Let’s take a 15 second commercial break and ponder the significance of this and the implications it has for businesses.
Controlling how much access these “personal life” devices have to company data is MISSION CRITICAL for protecting proprietary information and conforming to regulatory environments. Controlling access is also critical to protecting customer data and preventing breaches from unscrupulous employees. Unfortunately, I can speak to several occasions where I’ve witnessed colleagues opening up sensitive data on their phone…to then upload a file to a personal cloud service. Or instructed company visitors to log on to Wi-Fi…to unknowingly providing them access to the same network files that NDA’d employees have access to. Wow, this is scary when you think about it, isn’t it?

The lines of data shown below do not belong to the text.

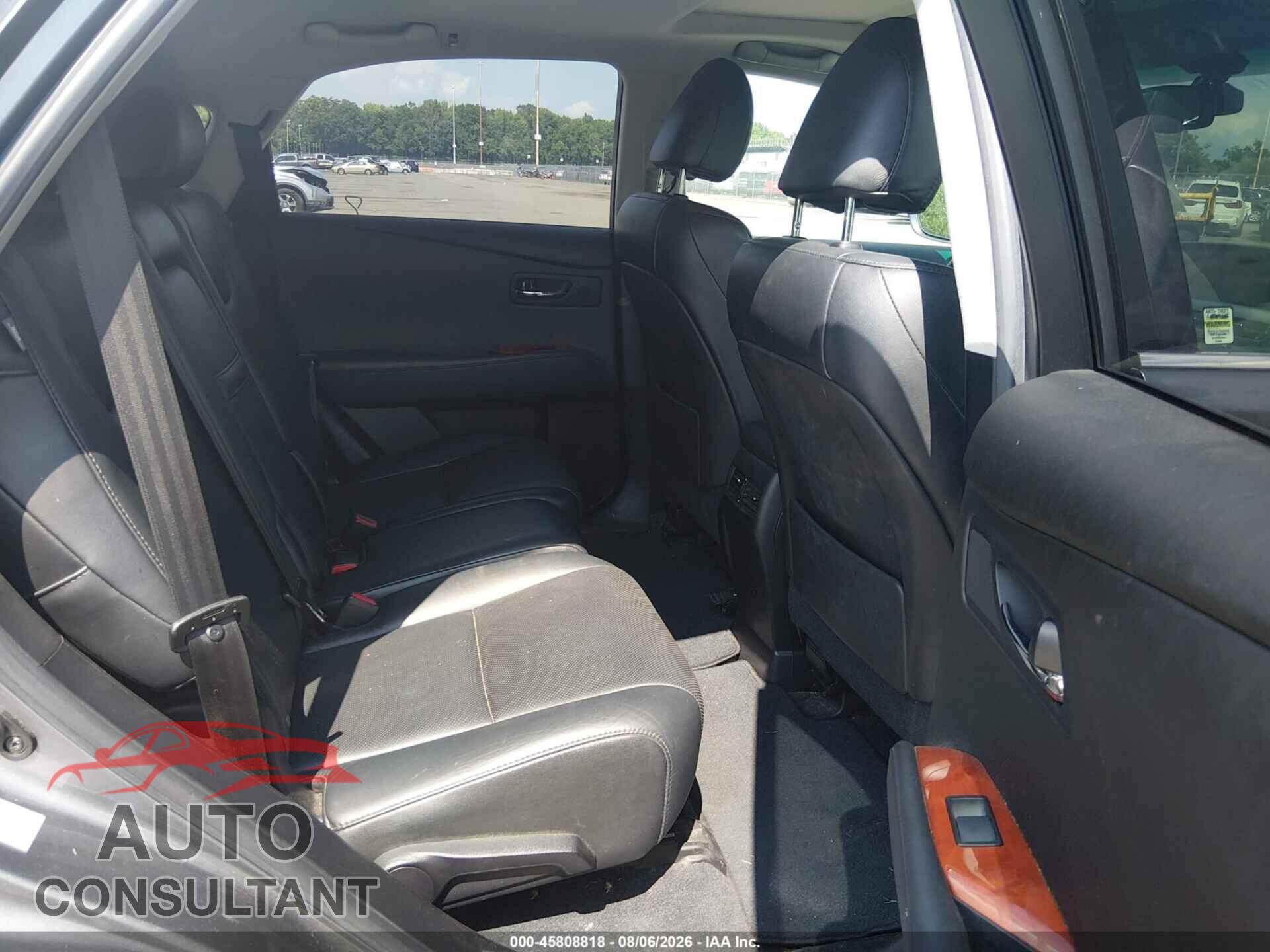 LEXUS RX 350 2012 - 2T2BK1BA0CC128470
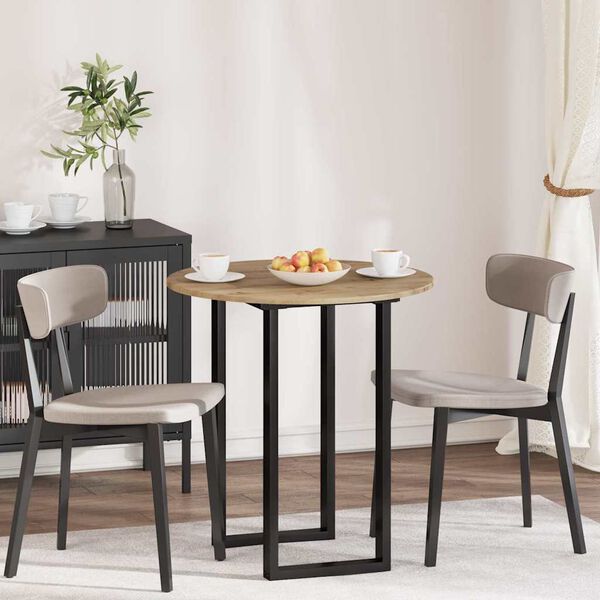 vidaXL P&ouml;yt&auml;levy artesaani tammi 70 x 70 x 1,5 cm Tekninen puu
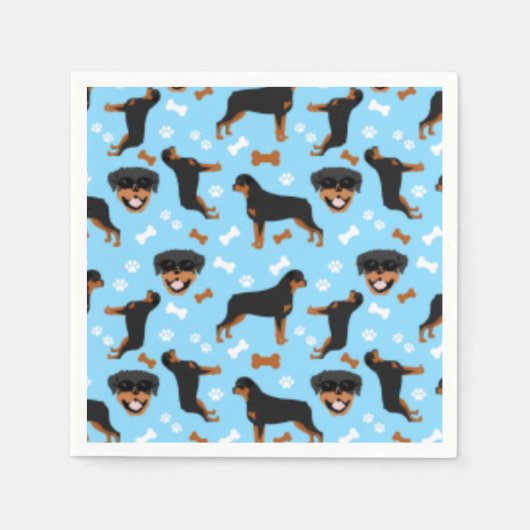 Rottweiler Rotties Dog Pattern Serviette (Vorderseite)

So what to do? No matter how small the company, business must embrace the fact that employees want to bring their own device to work…or better put, want to meld their personal life with their professional life. Internet technology managers must also make implementing an enterprise mobility management (EMM) solution a top priority to control who has access to what company data and through which access points.
There are several EMM solutions out there and it’s up to IT leadership to assess their solution needs and approach the right vendor. However, the lagging IT manager will rue the day that he/she pushes off implementing a solution “until next year.” The Internet and cloud connected nature of mobile devices is a ticking time bomb for important data to leave the company. It’s just a matter of time until the data escapes.